We help IT Professionals succeed at work.

Query Help - possible VBA solution? Array?

Hello Experts,

I need help with an Access query that checks a 'Business_Name' field in a table with approximately 1.3m records, against a table of about 300 corporate identifier codes.  
My query provides results, but they are not complete.  I've included both tables (unjoined) and I'm using an InStr function to get these results.  I have a feeling there is a solution for this but that it will involve VBA, which I am NOT proficient in!
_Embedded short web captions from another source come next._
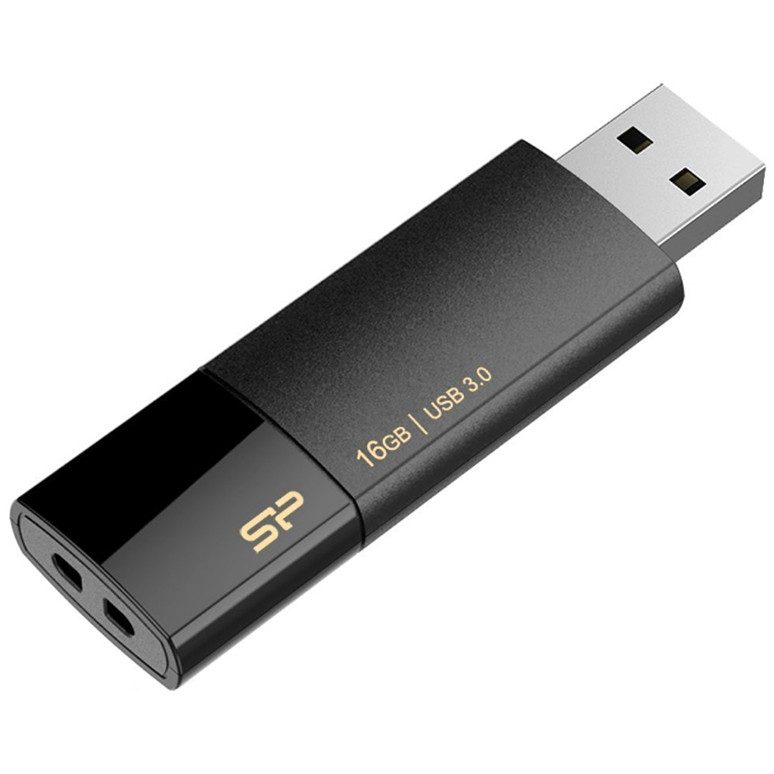 Memorie USB Blaze B05 16GB USB 3.0 Black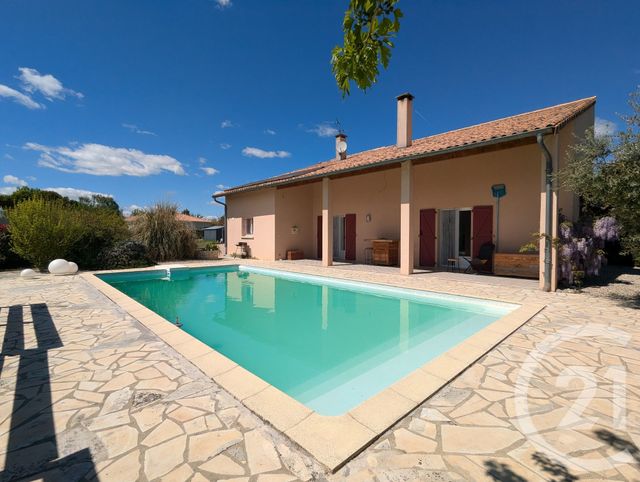 maison - PEYROLE - 81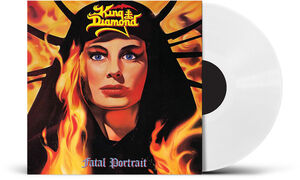 Fatal Portrait - UK Exclusive White Vinyl [Import] , King Diamond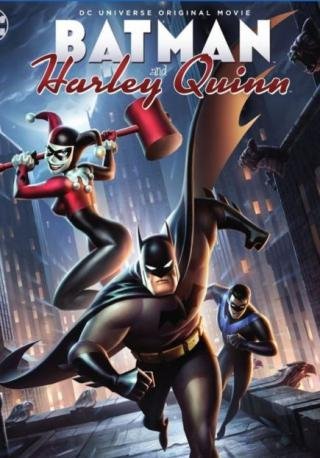 فيلم Batman and Harley Quinn 2017 مترجم (2017)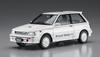 Hasegawa Toyota Starlet EP71 Turbo S Super Limited Пластиковая модель 20508 1/24 (3 двери) Среднесрочный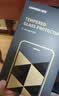 绿联【无黑边不挡屏】适用iPhone18Pro/17Pro钢化膜苹果18Pro手机膜无边全屏高清抗指纹防爆保护膜2片 实拍图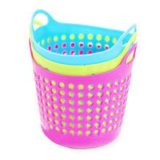 Plastic Injection Commodity Colored Storage Basket Mould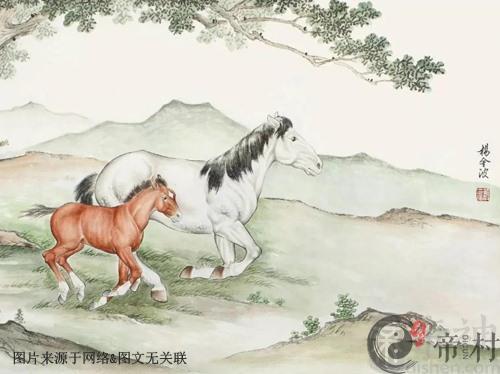 十二生肖运势：属马本周生肖运势（2021.6.21—6.27）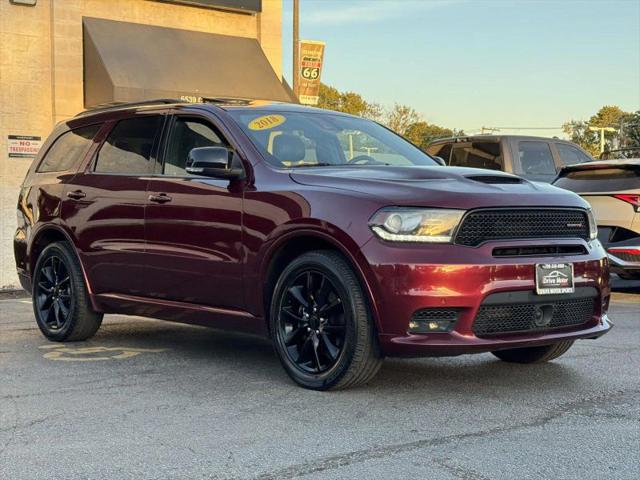 2018 Dodge Durango R/T AWD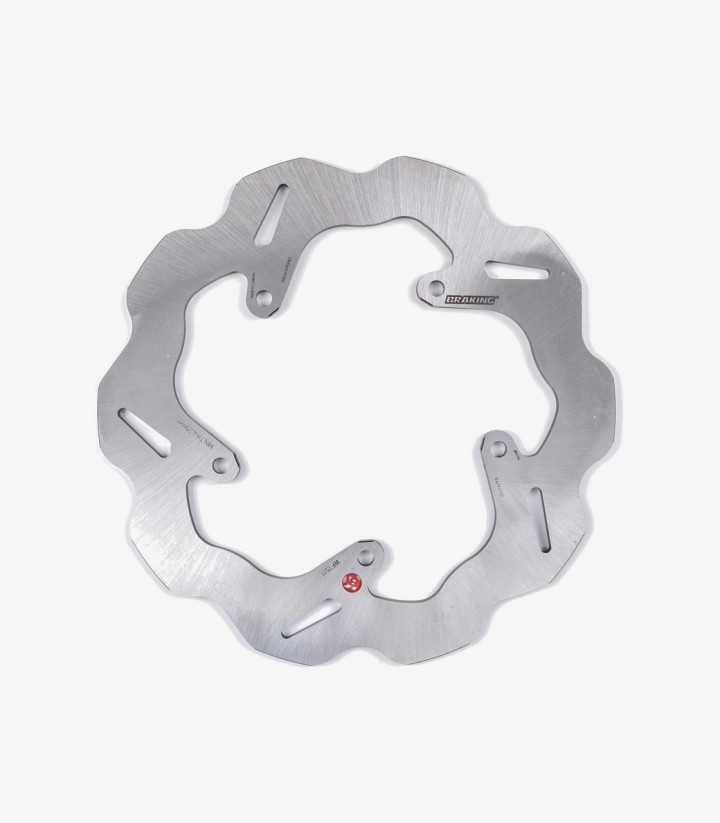 Bremsscheibe hinten Braking WF7511 W-FIX Ø267 mm Yamaha FZ8/Fazer 8 (10-15)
I've provide my SQL below.  FYI -  [business_name_tx] is in table "T_UCVI" and  [Code] is in table "T_BusinessCodes"

My current SQL:  
SELECT DISTINCTROW T_UCVI.ID, T_UCVI.BUSINESS_NAME_TX, InStr(1,[business_name_tx],([code])) AS Corp1, InStr(2,[business_name_tx],(" " & [code])) AS Corp2
FROM T_BusinessCodes, T_UCVI
GROUP BY T_UCVI.ID, T_UCVI.BUSINESS_NAME_TX, InStr(1,[business_name_tx],([code])), InStr(2,[business_name_tx],(" " & [code]))
HAVING (((InStr(1,[business_name_tx],([code])))=1)) OR (((InStr(2,[business_name_tx],(" " & [code])))>1))
ORDER BY T_UCVI.BUSINESS_NAME_TX;

Thanks for all help!
Comment
Watch Question

CERTIFIED EXPERT
Top Expert 2014

Commented:
I've included both tables

I don't see any attachments.
Coleen SullivanIndependent Contractor

Author

Commented:

I was referring to my query where I included both tables - I did not attach anything here - provided the sql

CERTIFIED EXPERT
Distinguished Expert 2017

Commented:

If some of the names start with spaces, run an update query first to clean up that mess.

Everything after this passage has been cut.